District Court of Appeal of Florida, Fourth District.
*582 Robert L. Bogen of the Law Offices of Robert L. Bogen, Boca Raton, and Gordon C. Brydger of Gordon C. Brydger, P.A., Fort Lauderdale, for appellant.
No brief filed for appellee.
PER CURIAM.
Appellant, Michael Donn ("Former Husband") appeals his final judgment of dissolution. Because of the excessive delay and inconsistencies between the final hearing and final judgment of dissolution, we reverse.
The final evidentiary hearing in the case was held over three days. Ten months later the final judgment of dissolution was entered, including an award of permanent periodic alimony and an equitable distribution scheme.
On appeal, the Former Husband asserts numerous errors in the equitable distribution scheme and in the amount of alimony awarded. In addition, the Former Husband argues that he is entitled to a rehearing because of the excessive delay between the final hearing and the final judgment of dissolution. Moreover, the Former Husband contends that the numerous discrepancies between the evidence and the terms of the final judgment suggest that the trial judge did not appropriately recall the evidence presented. We agree.
"An excessive delay between a trial and entry of final judgment may require reversal." Walker v. Walker, 719 So. 2d 977, 978 (Fla. 5th DCA 1998)(citing Caswell v. Caswell, 674 So. 2d 861 (Fla. 2d DCA 1996)). The Florida Rules of Judicial Administration require that "every judge has a duty to rule upon and announce an order or judgment on every matter submitted to that judge within a reasonable time." Fla. R. Jud. Admin. 2.050(f). Yet, there is no bright line rule as to what constitutes a "reasonable time." Tunnage v. Bostic, 641 So. 2d 499, 500 (Fla. 4th DCA 1994).

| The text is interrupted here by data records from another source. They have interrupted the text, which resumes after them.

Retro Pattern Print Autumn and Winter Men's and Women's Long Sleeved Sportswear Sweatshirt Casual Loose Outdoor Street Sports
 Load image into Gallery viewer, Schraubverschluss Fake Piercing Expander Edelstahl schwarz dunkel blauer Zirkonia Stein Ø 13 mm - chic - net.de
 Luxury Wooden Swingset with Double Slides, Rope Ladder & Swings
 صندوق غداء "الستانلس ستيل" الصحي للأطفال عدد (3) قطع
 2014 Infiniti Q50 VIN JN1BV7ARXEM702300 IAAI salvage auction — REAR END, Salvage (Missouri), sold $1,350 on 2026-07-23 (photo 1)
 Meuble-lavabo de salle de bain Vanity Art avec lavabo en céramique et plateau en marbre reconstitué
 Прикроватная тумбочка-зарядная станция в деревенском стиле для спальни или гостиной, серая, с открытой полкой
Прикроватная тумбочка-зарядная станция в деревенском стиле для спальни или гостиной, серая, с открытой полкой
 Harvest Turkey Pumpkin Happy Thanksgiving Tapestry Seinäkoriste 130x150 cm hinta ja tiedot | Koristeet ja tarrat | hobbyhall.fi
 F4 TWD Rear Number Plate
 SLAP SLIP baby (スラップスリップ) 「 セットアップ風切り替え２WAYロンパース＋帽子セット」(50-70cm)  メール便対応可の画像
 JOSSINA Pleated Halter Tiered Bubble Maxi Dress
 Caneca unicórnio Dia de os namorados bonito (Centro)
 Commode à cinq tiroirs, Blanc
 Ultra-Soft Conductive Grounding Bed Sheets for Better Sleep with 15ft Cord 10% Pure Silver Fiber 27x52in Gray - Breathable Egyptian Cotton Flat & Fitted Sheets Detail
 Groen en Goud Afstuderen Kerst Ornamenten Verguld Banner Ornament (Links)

However, when dealing with delayed rulings by a trial judge, "a key factor in such cases is whether or not there is any conflict or inconsistency between the judge's statements or findings at the time of trial and the ultimate judgment entered later, or if there is a factual finding in the final judgment unsupported by the trial evidence." Florida Air Academy v. McKinley, 688 So. 2d 359, 360 (Fla. 5th DCA 1997). For example, in McKenzie v. McKenzie, 672 So. 2d 48 (Fla. 1st DCA *583 1996), the final judgment entered a year after the final hearing was reversed because "[i]nconsistencies in the final judgment suggest[ed] that the trial judge may not have recalled the evidence presented at the hearing." McKenzie, 672 So.2d at 49.
In the present case, there was a ten month delay between the final hearing and the final judgment of dissolution. Further, there are numerous inconsistencies between the final judgment and the facts as presented in the final hearing. Moreover, the trial judge failed to make pertinent findings of fact regarding the parties' ability to pay and financial need. As such, we conclude that the excessive delay and inconsistencies, coupled with the failure to include specific findings regarding the award of alimony, warrant a reversal and remand for another evidentiary hearing.
On remand, we would like to remind the trial court that prior to an award of permanent periodic alimony it should consider both the financial need and ability to pay of the parties, and specific findings of fact are necessary for meaningful appellate review. See Segall v. Segall, 708 So. 2d 983, 987 (Fla. 4th DCA 1998); Moreno v. Moreno, 606 So. 2d 1280, 1281 (Fla. 5th DCA 1992). Furthermore, we would encourage the trial court to recalculate the equitable adjustment for the payment of the Former Husband's attorney's fees, as it seems from the record that the Former Husband may have been charged twice for the same amount.
REVERSED AND REMANDED.
GUNTHER, FARMER and TAYLOR, JJ., concur.